Input for this task section start

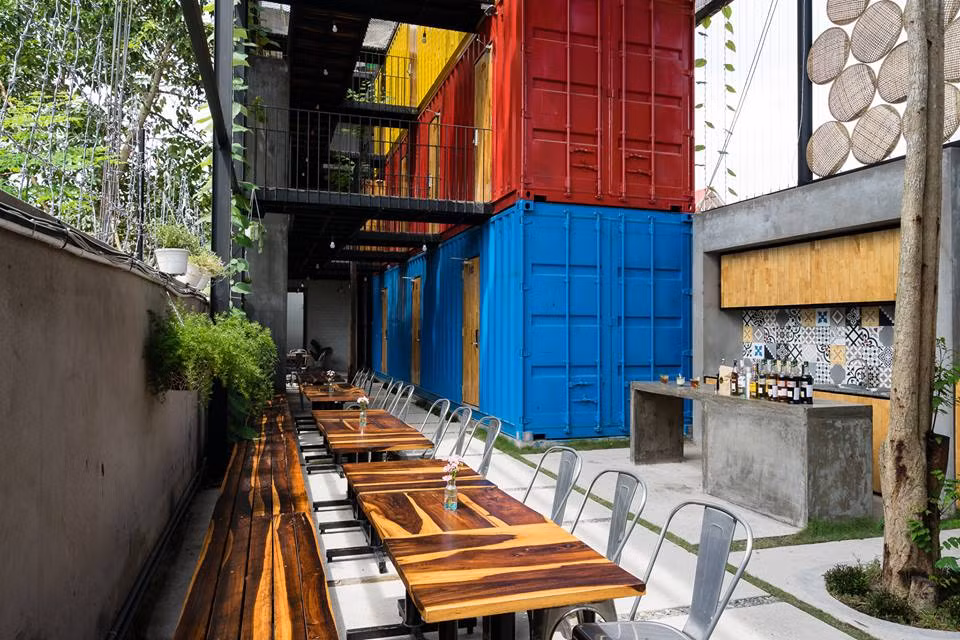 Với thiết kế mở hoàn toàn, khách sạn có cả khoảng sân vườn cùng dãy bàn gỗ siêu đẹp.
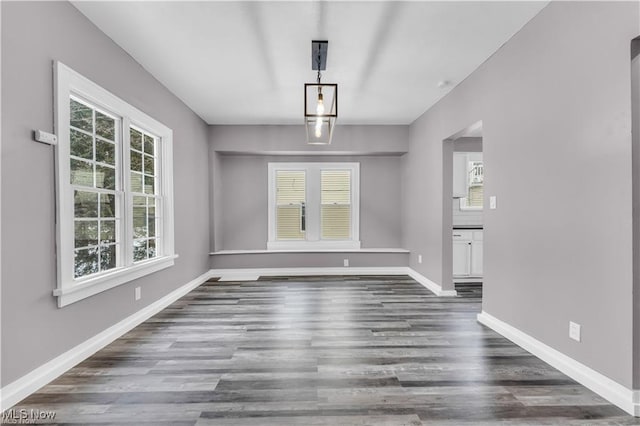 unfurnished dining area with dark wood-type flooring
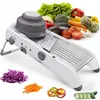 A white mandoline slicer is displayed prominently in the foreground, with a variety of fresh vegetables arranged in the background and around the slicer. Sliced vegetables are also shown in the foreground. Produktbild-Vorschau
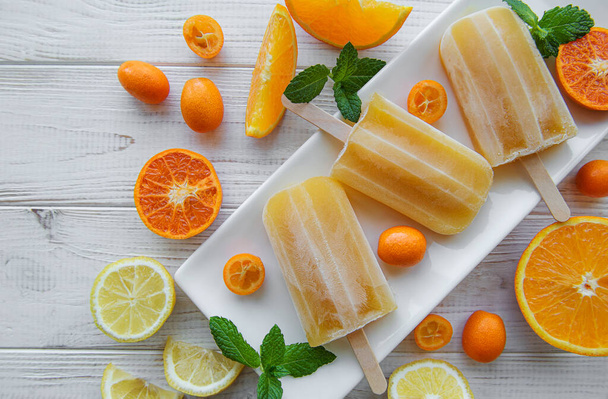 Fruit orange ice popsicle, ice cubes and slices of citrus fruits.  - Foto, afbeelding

Input for this task section end
Input for this task section start

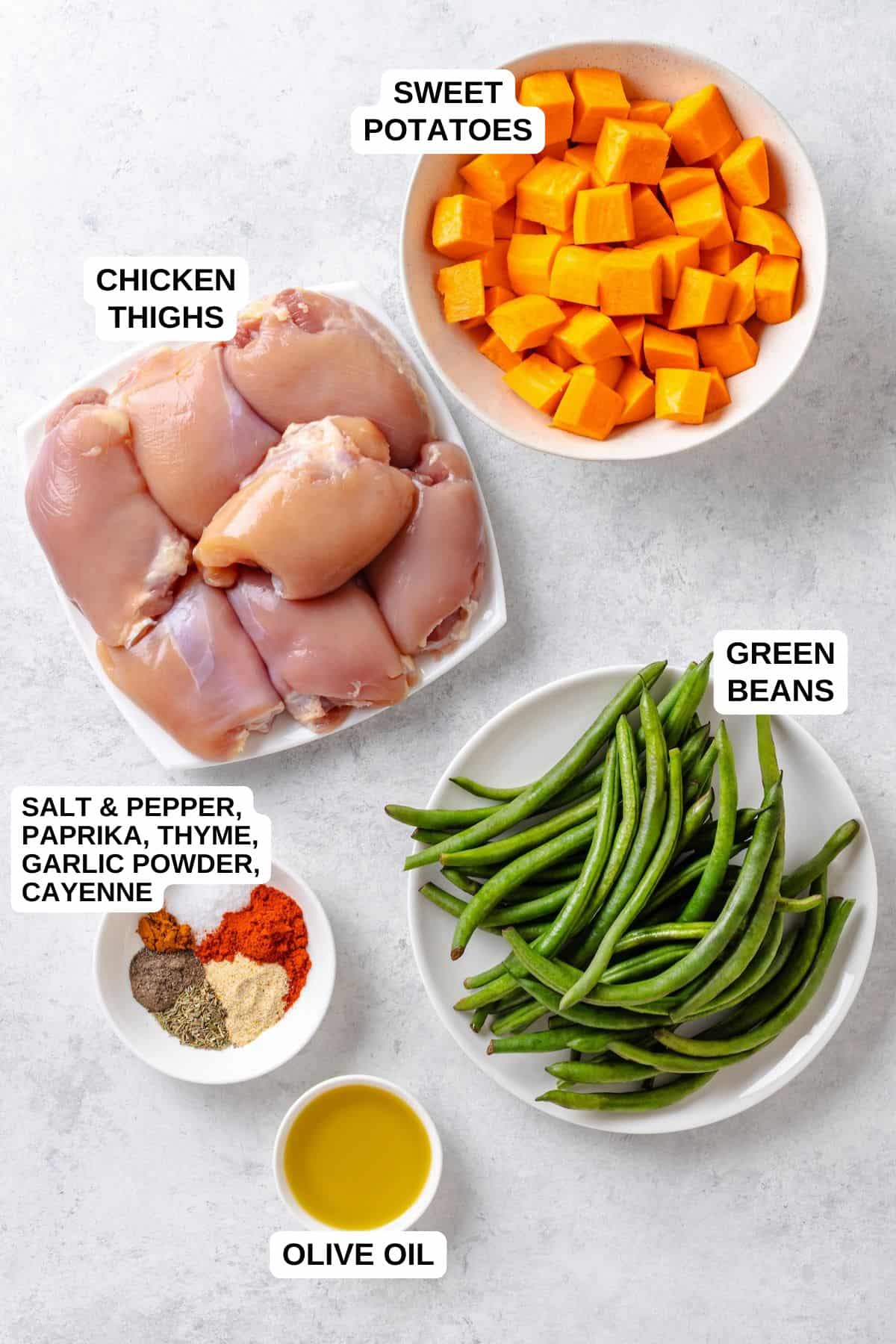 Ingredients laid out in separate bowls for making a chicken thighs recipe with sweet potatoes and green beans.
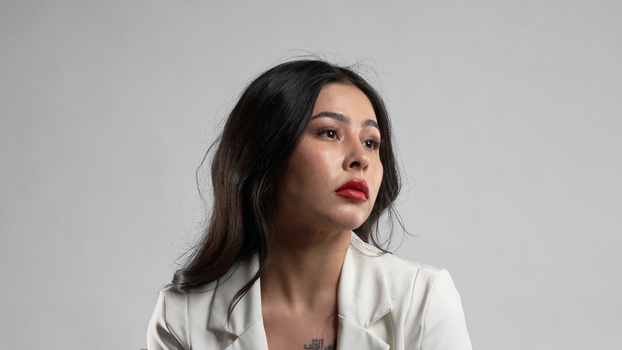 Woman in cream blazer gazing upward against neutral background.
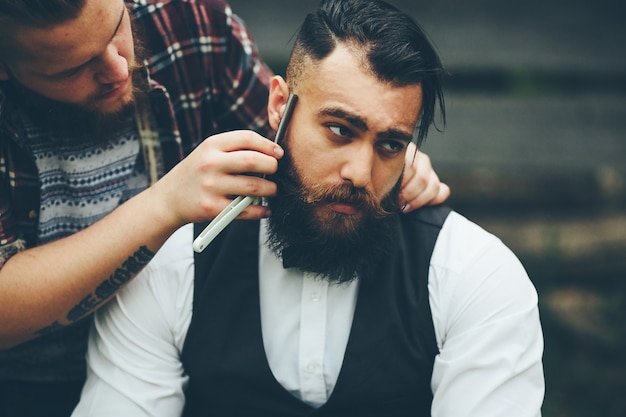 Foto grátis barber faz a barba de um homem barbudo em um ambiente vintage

Input for this task section end

## Activity
Taking the material above, give again exactly the lines from the one holding "unfurnished dining area" through the one holding "Fruit orange ice", with both ends and without pictures.

## Result of the task
 unfurnished dining area with dark wood-type flooring
 A white mandoline slicer is displayed prominently in the foreground, with a variety of fresh vegetables arranged in the background and around the slicer. Sliced vegetables are also shown in the foreground. Produktbild-Vorschau
 Fruit orange ice popsicle, ice cubes and slices of citrus fruits.  - Foto, afbeelding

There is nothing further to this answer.